10th Jan 2018 by Kurt Garloff

OTC Patching

Like other cloud providers (e.g. Amazon and Azure), we apply mitigating patches to each host; we have engineered ways to deploy most key patches without having to reboot all hosts which would have lead to service disruptions for applications of our customers that may not be fully cloud-ready.

Patch strategy

The first priority for the OTC team is to reestablish the full separation of full isolation between Virtual Machines (VMs) running on the same hypervisor; according to our analysis this is the most critical issue that needs to be addressed in the infrastructure. Here, only Spectre-2 (BTB injections) needs to be addressed.

In OTC, we use intel's microcode patches plus a few changes to the Xen and KVM hypervisor (along the lines of the IBRS) to prevent the BTB poisoning attacks from leaking hypervisor memory.

We have done extensive testing over the last days in our test and reference environments and have confirmed that the patches can be applied at runtime without a host reboot. Microcode updates can be done at runtime (though certain CPUs and patches are not normally recommended to load after the OS has fully booted) and our hypervisors support this. The code changes required in the hypervisors to leverage are relatively contained; we are using the hot-patch mechanism supported by our hypervisors to deploy these without a reboot.

It was found in testing that the microcode updates as of 2018-01-08 from intel does cause trouble on the v4 (Broadwell) CPU generation and on Xeon E7-8880 v3 (used for the SAPHANA flavors), while the tests on other v3 (Haswell) and v5 (Skylake) CPUs did not show any trouble. This means that patching the v4 systems will be delayed. (We expect a delay of roughly one week.)

This means that after the first round of patching with v3 and v5, we will have the following situation

Pool	Flavors	Hype	CPUs	Patch status
GenPurp1	c1,c2,s1,m1	Xen	2658v3 + v4	partially (v3)
DiskInt	d1	Xen	2690v3	fully
SapHana	e1,e2	Xen	8880v3	cwk 3
vGPU	g1	Xen	2690v3	fully
GPU	g2	Xen	2690v4	cwk 3
HighPerf1	h1	Xen	2690v3 + v4	partially (v3)
HighPerf2	h2	KVM	2667v4	cwk 3
HighPerf1L	h1l	KVM	2690v4	cwk 3
MemOpt2	m2	KVM	2690v4	cwk 3
GenPurp2	s2	KVM	PG6161 (v5)	fully
BareMetal	physical	---	8890v4,2667v4	cwk 3

The Spectre-2 mitigation comes at a performance cost; this is workload dependent -- the most significant hit happens on workloads that have many I/O transactions per second.
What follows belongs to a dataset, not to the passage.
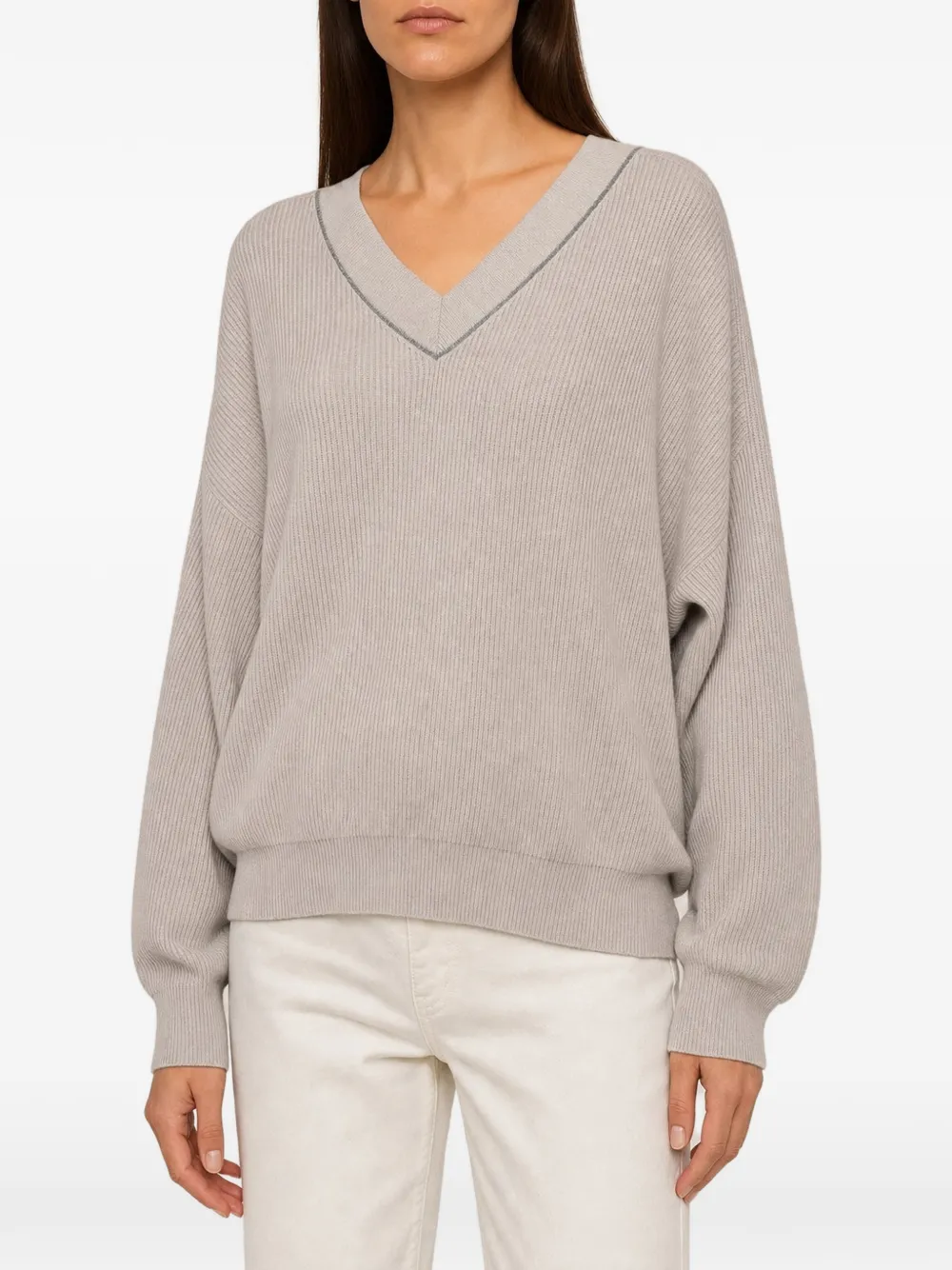 Brunello Cucinelli Monili-beaded V-neck sweater - Grey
We expect the performance impact on the s2 flavor to be more visible, as the 10Gbps network capability also requires many packets per seconds. See below for more details on performance impact.

Hypervisor patch schedule

We have scheduled the mass rollout for the patches for the evening (european time) of Thu, 2018-01-11.

The customer visible schedule looks like this (all times in CET):

Phase	Start time	AZ	Description
1	2018-01-11 17:00	eu-de-01	Deploy microcode updates to all systems in AZ, deploy hot-patches to Xen and KVM hypervisors, test systems and validate effetiveness.
2	2018-01-11 21:00	eu-de-02	Deploy microcode updates to all systems in AZ, deploy hot-patches to Xen and KVM hypervisors, test systems and validate effetiveness.
3	2018-01-12 12:00	ap-sg-01	Deploy microcode updates to all systems in AZ, deploy hot-patches to Xen and KVM hypervisors, test systems and validate effetiveness.
4	2018-01-12 15:00	ap-sg-02	Deploy microcode updates to all systems in AZ, deploy hot-patches to Xen and KVM hypervisors, test systems and validate effetiveness.

As can be seen, we do this availability zone by availability zone, first in Europe/Germany and then Asia/Singapore. We will stop the rollout if the testing fails and are prepared to do rollbacks to the last working state.

As mentioned above this schedule excludes the hosts with v4 CPUs (Bare Metal and high-performance flavors and the newer hosts in the old Xen general purpose pool).

During the patch application, the hosts and the virtual machines continue to run with minimal interruption: The microcode update stops the CPU for a short (sub-second) amount of time -- most applications will at worst see a small performance degradation due to this. Likewise, the hypervisor hot-patching needs to synchronize state between CPUs and thus causes some a performace decrease for a sub-second period as well.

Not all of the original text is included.